Déjà auréolé d'un certain succès publique et critique depuis son passage derrière la caméra (Take the money and Run, Bananas, Everything You Always Wanted to Know...), le très prolifique Woody Allen, qui s'est jusqu'alors illustré en parfait Groucho Marx des temps modernes ("I am marxist, in the Groucho tendency") revient en 1975 avec une adaptation sauce slap-stick comedy du chef-d'oeuvre de Tolstoï.
Le couple Allen/Keaton carbure à 4000 tours/min et reflète à merveille l'atmosphère grandissante de complicité qui règne entre les deux comédiens, ayant pour conséquence malheureuse de briller au détriment des personnages secondaires du film, dont l'écriture demeure quelque peu bancale.
Six ans plus tôt, l'étonnement bon Take the money and Run qui puisait dans le registre de sketch-writer que le metteur en scène avait développé aux premières heures de sa carrière, posait déjà les bases du personnage allenien chétif dont l'introspection névrotique en voix-off, l'autodérision systématique et l'attachement à la comédie de geste chaplinienne représentent l'essentiel de la force comique. Guerre et Amour complète la donne en apportant son lot de discours philosophiques absurdes, réflexions métaphysiques décalées et autres dialogues cyniques sur fond de psychanalyse et de perversion sexuelle qui se pérenniseront dans la suite de l'oeuvre.
On le voit, tout est là, Guerre et Amour semble être le dernier crash-test avant l'envol du cinéaste vers la découverte des contrées les plus prolifiques et virtuoses de son génie créatif (Annie Hall, Manhattan, La Rose pourpre du Caire, Hannah et ses sœurs, Crimes & Délits...).
Pourtant si tout est là en puissance, Guerre et Amour est bien encore un crash-test et non un envol.
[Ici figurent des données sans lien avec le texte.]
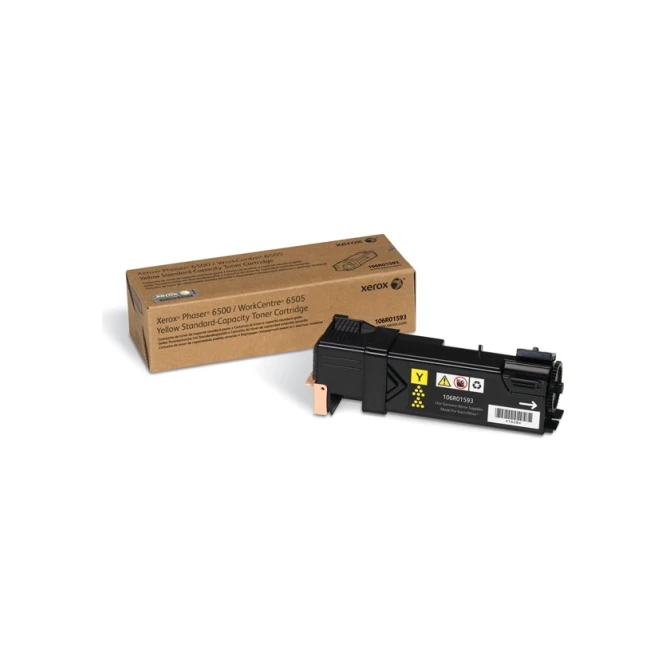 XEROX 106R01593 toner geel (origineel)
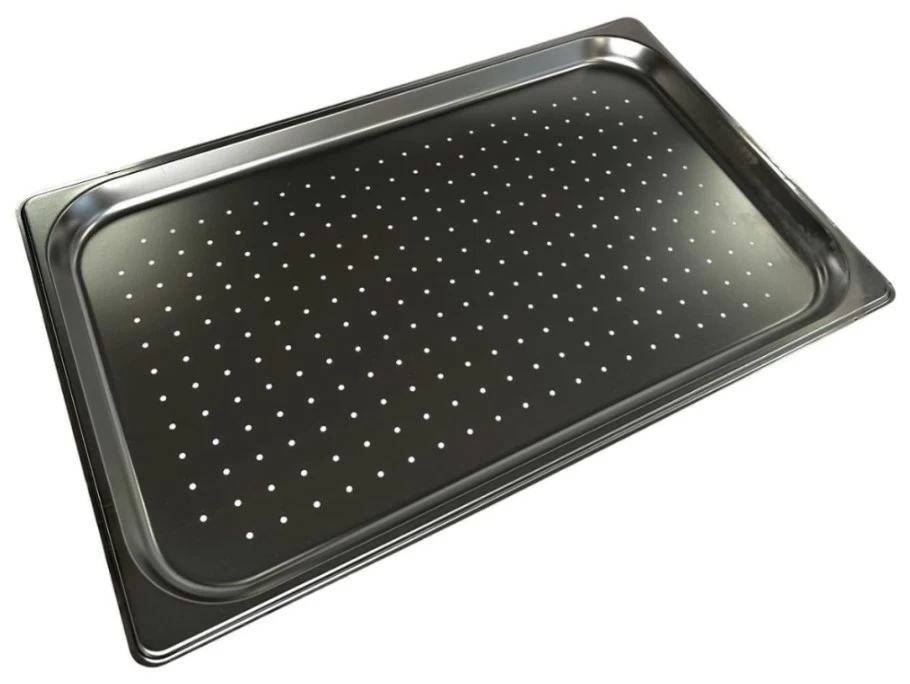 Гастроемкость GASTROMIX GN-P 1/1-40 перфорированная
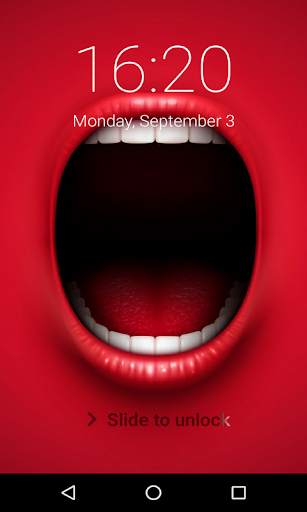 Funny Lock Screen Pattern Passcode 2018Wallpapers screenshot 3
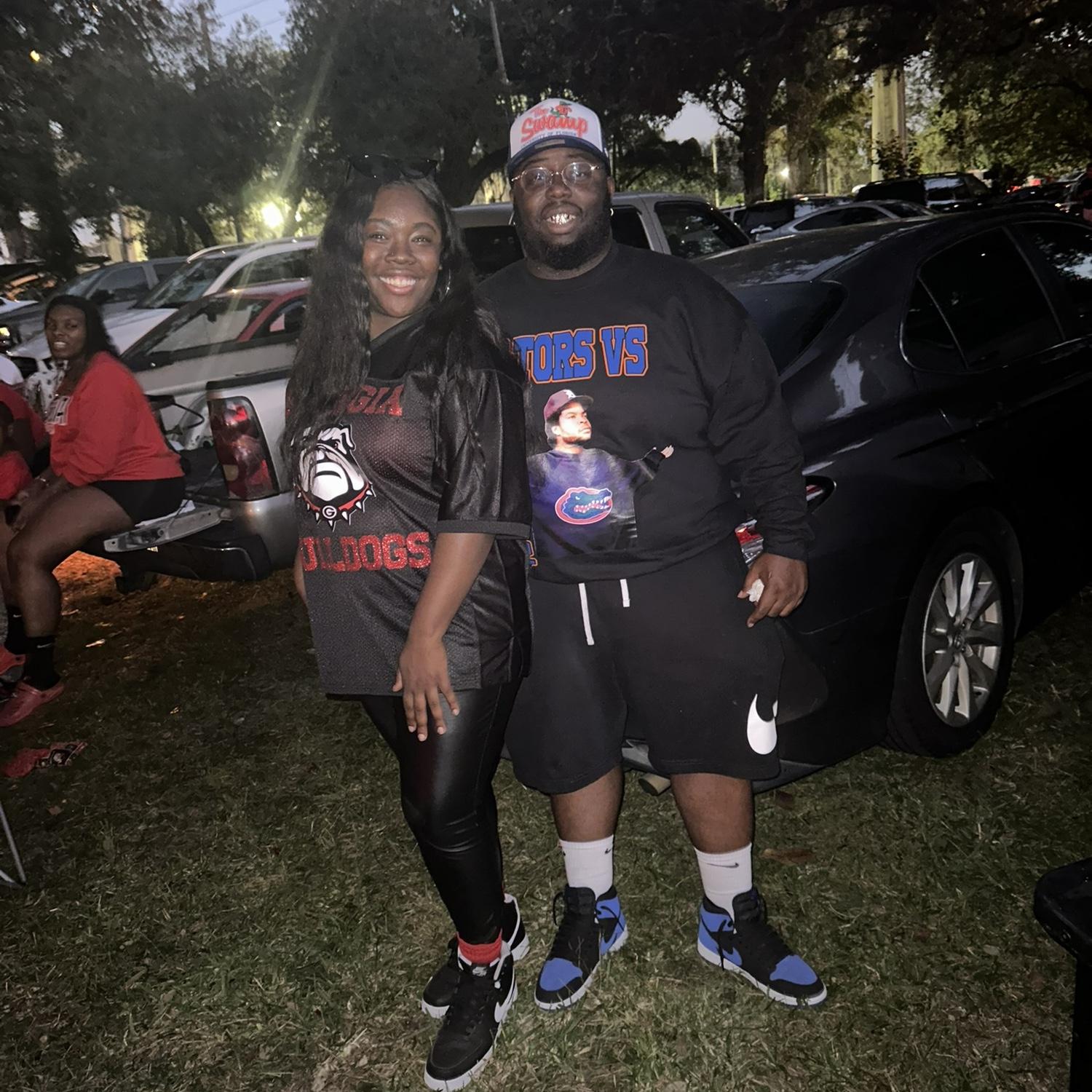 Florida vs Georgia Game 2023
L'ensemble pétarade et peine à retrouver la fluidité et le rire facile des premiers films. Là où le Woody des premières heures déclenchait naturellement les rires lorsqu'il peinait à suivre la fanfare dans laquelle il jouait (affreusement) du violoncelle, devant continuellement s'assoir sur une chaise pour tenter de jouer une note (Take the money and run), la scène analogue parodiant Barry Lyndon dans laquelle Boris fait très maladroitement ses classes au sein de l'armée russe s'étire en longueur et la répétitions excessive des slap-stick gags, notamment celui du rechargement de l'arme, peine à convaincre. Aussi, l'écriture, grand point fort du cinéaste, s'avère-t-elle ici très inégale et empèse largement certaines situations, en dessous du niveau de finesse et de sophistication auquel le cinéaste a déjà si tôt habitué.
L'absurdité outrancière des références philosophiques et des discours logiques spécieux couplées au décalage que produit l'effet film de costume semblent éloigner le film de son registre naturel, l'humour intellectuel et sarcastique, pour l'amener vers une rhétorique humoristique proche de l'univers Monty Python (les multiples entrevues loufoques avec la Faucheuse au costume bon marché, le Napoléon idiot façon César/Michael Palin...)
Tout cela donne lieu à un ensemble quelque peu mal dégrossi où le savant mélange entre comédie potache et dialogues ironiquement sophistiqués qu'on reconnait désormais à l'artiste se trouve bien déséquilibré.
Comme conséquence logique, la référence à Tolstoï s'avère au fur et à mesure parfaitement superficielle voire dispensable tant elle ne représente, passée la première moitié du film, plus qu'un écrin quelque peu arbitraire au sein duquel les gags n'entrent que peu en écho avec le contexte des guerres napoléoniennes.
Reste, et il faut bien le reconnaître, qu'apercevoir Woody Allen en soldat de l'armée russe ou en ensemble de duelliste du dimanche et Diane Keaton en costume traditionnel malgré son dévergondage insistant apporte un certain plaisir qu'on ne boude pas et qui dans le temps, produit certaines images qui se figent dans l'esprit.
Néanmoins, le réalisateur s'embourbe quelque peu et la fameuse cultivation parodique de son propre personnage ne trouve ici pas la clef pour lui permettre de développer sa pensée du monde complexe, contradictoire et si ironiquement fantasmée, marque de fabrique de son immense succès à venir.